Saudi Arabia – Fintech scene updates
The fintech industry in Saudi Arabia has been rapidly growing, presenting enormous potential for digital transformation and innovation. It is being driven by the same forces driving fintech worldwide, including increasing access to technology, changing consumer demands and government support. This emergence of Saudi Arabia as a leader in fintech promises to drive impressive economic growth and bolster the country’s global standing as an innovative market leader.
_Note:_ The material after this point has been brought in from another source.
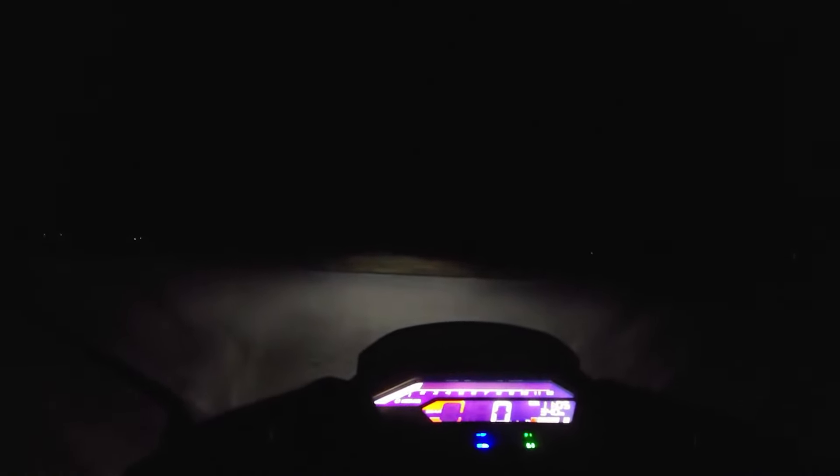So andito tayo sa may baywalk, ito tabing dagat na tinambakan. Madilim pa dito kasi wala pa mga streetlights. Hinay ko na yung ilaw — headlight lang ni Winner X yung nag-iilaw dito.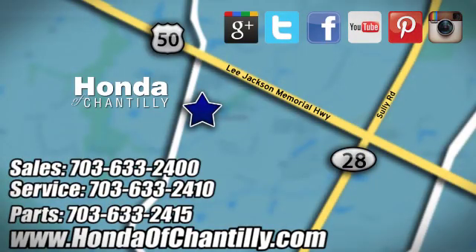Honda of Chantilly. We're conveniently located just south of Dulles Airport at 4175 Stonecroft Boulevard in Chantilly.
As Saudi Arabia strives to diversify its economy beyond oil and gas, financial technology products and services have increased significantly over the past two years. The Saudi Arabian Monetary Agency (SAMA) is actively encouraging such developments by investing in this sector on various levels – from developing local adaption programs such as ‘Pay25’ to create more jobs in the banking sector, to outlining regulatory frameworks for digital banking platforms like Al Rajhi Bank’s Tamweel platform.
SAMA has also made substantial efforts towards increasing fintech regulatory coordination by forming dedicated committees between it and other governmental regimes including Special Databases Authority (SDA) which enables banks to access customer data for account scanning for digital banking transactions. This allows for safer transactions with better visibility into where customer funds are targeted throughout a transaction cycle. SAMA has also supported startup companies looking to bring financial technology solutions from outside of the Kingdom into their local markets via initiatives such as its “White List Program” which provides exempt startups with a one-year period exemption from taxes along with fast-track licensing procedures..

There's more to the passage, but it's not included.